= Atomic trap trace analysis =

Trace analysis method

Atom Trap Trace Analysis (ATTA) is an extremely sensitive trace analysis method developed by Argonne National Lab (ANL). ATTA is used on long-lived, stable radioisotopes such as ^{81}Kr, ^{85}Kr, and ^{39}Ar. By using a laser that is locked to an atomic transition, a CCD or PMT will detect the laser induced fluorescence to allow highly selective, parts-per-trillion to parts-per-quadrillion concentration measurement with single atom detection. This method is useful for atomic transport processes, such as in the atmosphere, geological dating, as well as noble gas purification.

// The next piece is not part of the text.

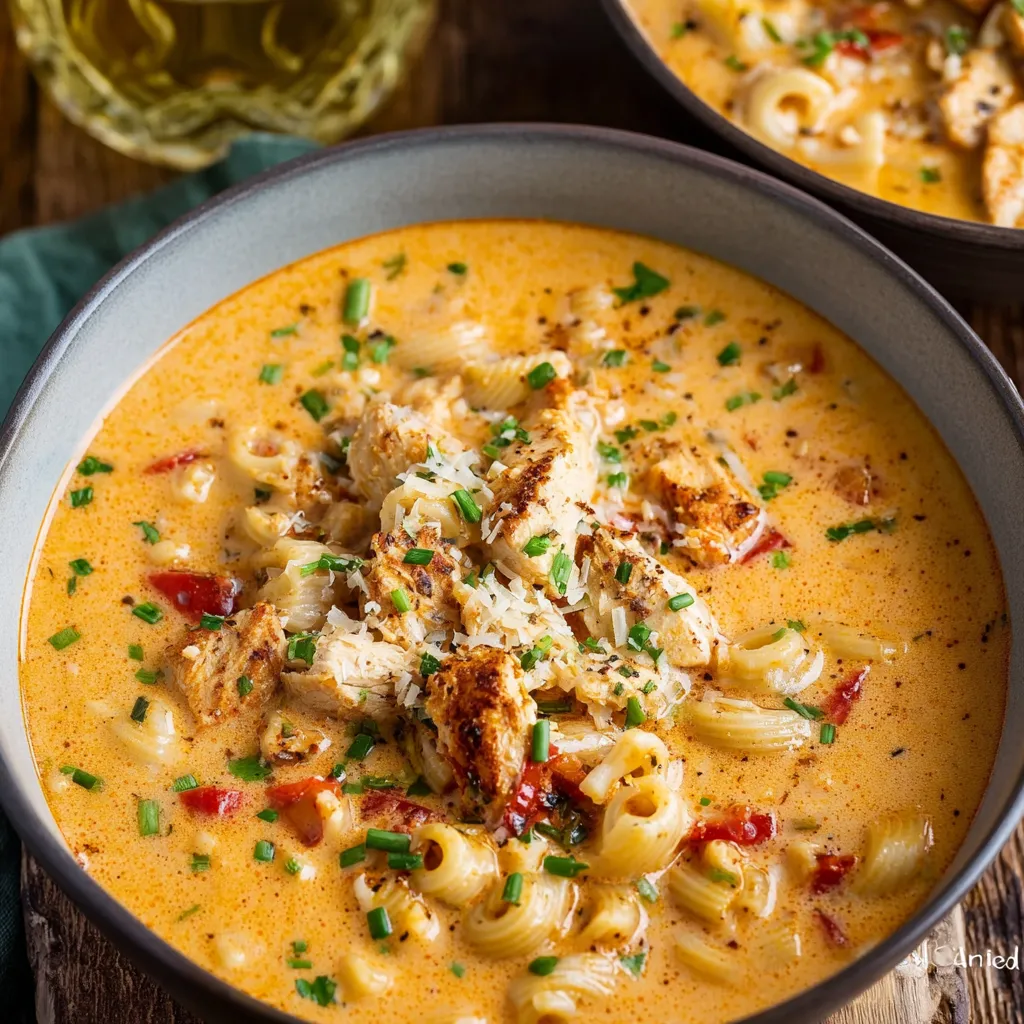 Creamy Cajun chicken pasta soup in a bowl. Delicious, spicy comfort food.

ATTA measurements of noble gas elements are possible only if the atoms are excited to a metastable state prior to detection. The main difficulty to accomplishing this is the large energy gap (10-20 eV) between the ground and excited state. The current solution is to use an RF discharge, which is a brute force technique that is inefficient and leads to complications such contamination of the walls from ion sputtering and high gas density. A new scheme for generating a metastable beam which can achieve a cleaner, slower, and preferably more intense source would provide a substantial advance to ATTA technology. All-optical techniques have been considered, but have not yet been able to compete with the discharge source. A new technique for generation of metastable krypton involves the use of a two photon transition driven by a pulsed, far-UV laser to populate the excited state which decays to the metastable state with high probability.

==Sources==
- "Laboratory for Radio-Krypton Dating"
- "Trapping and Probing Rare Isotopes"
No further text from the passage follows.